* What the exercise asks *
Below are some entries. Return exactly the lines from the one with "Teren de 4000 mp, în Izvoarele - 3" through the final line, leaving out any pictures.

Short text fragments from websites

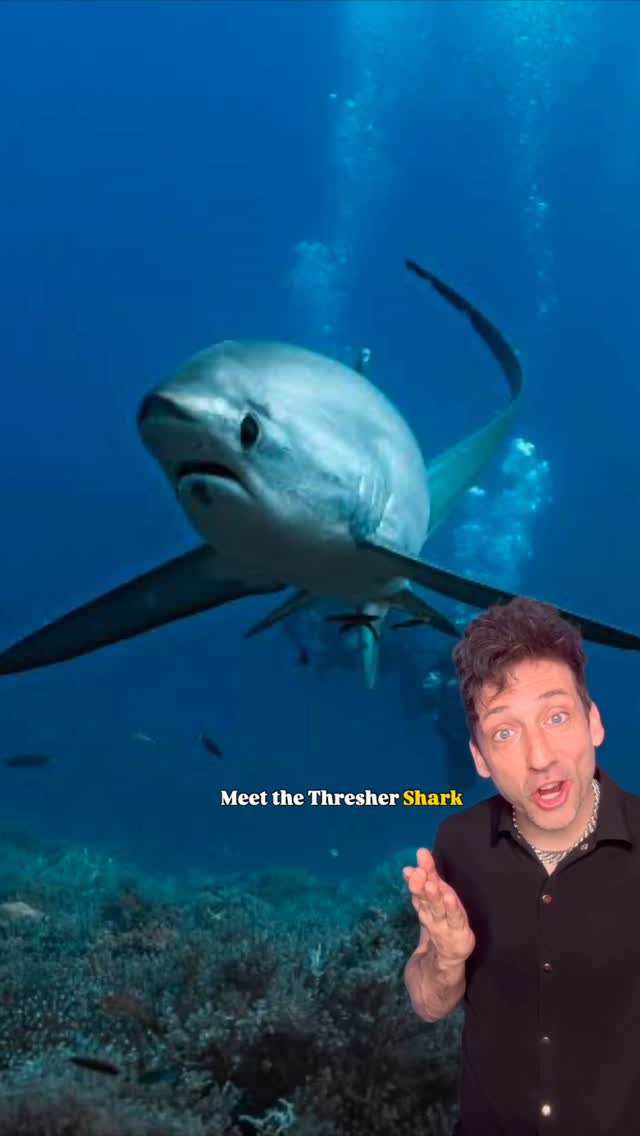 The Shark with a built-in whip 👀 #funfact #didyouknow by @officialodddanny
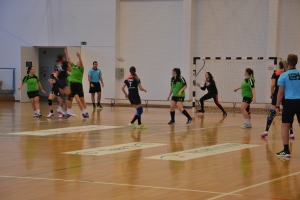 Női kézilabda bajnoki mérkőzés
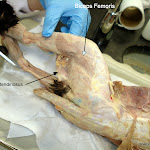semitendinosus_L.JPG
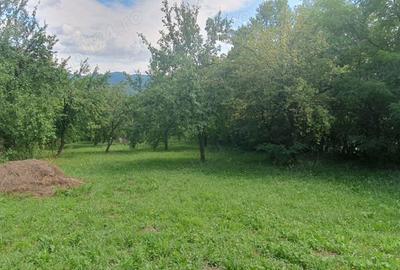 Teren de 4000 mp, în Izvoarele - 3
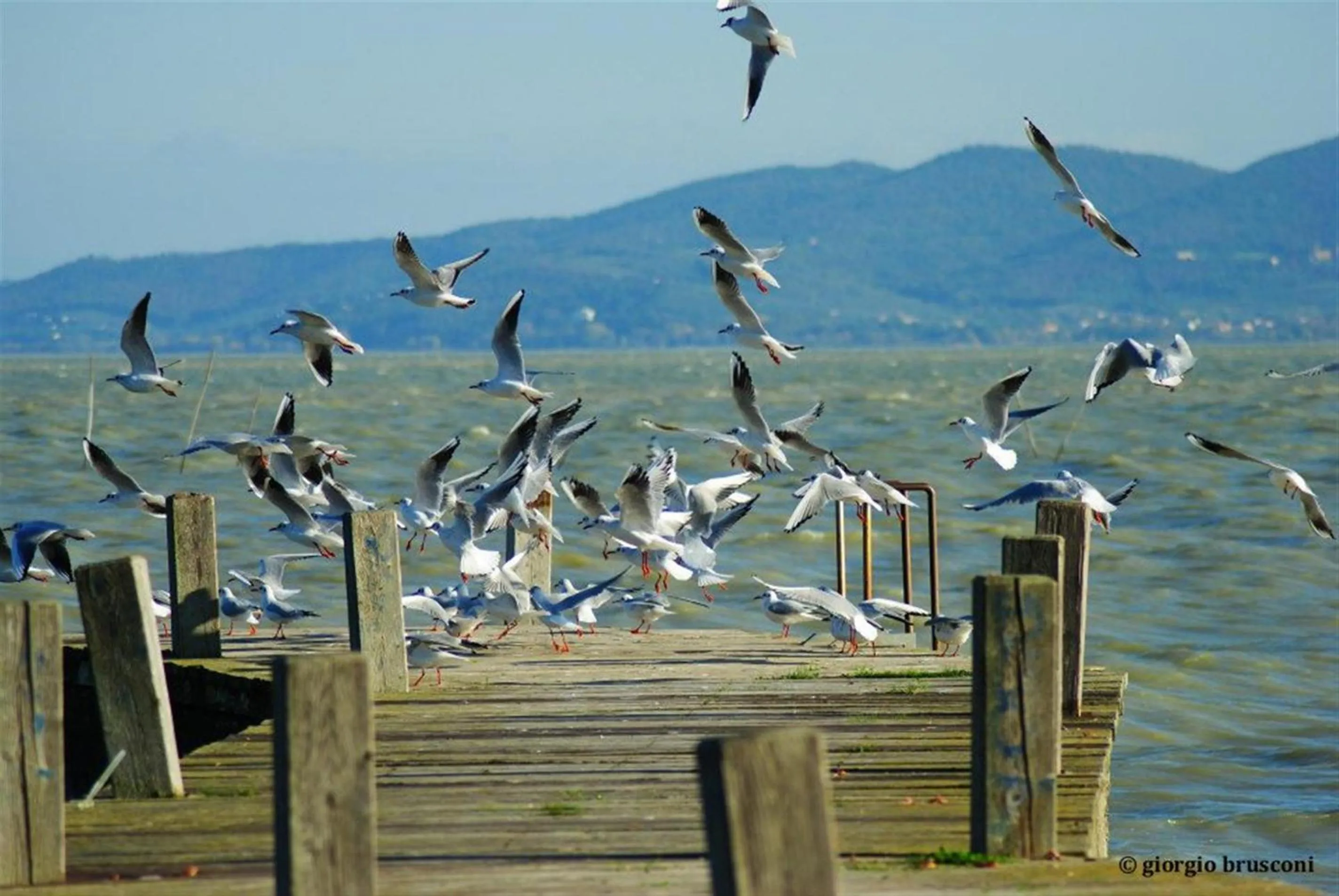 Area and facilities in Hotel La Torre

* Answer space *
 Teren de 4000 mp, în Izvoarele - 3
 Area and facilities in Hotel La Torre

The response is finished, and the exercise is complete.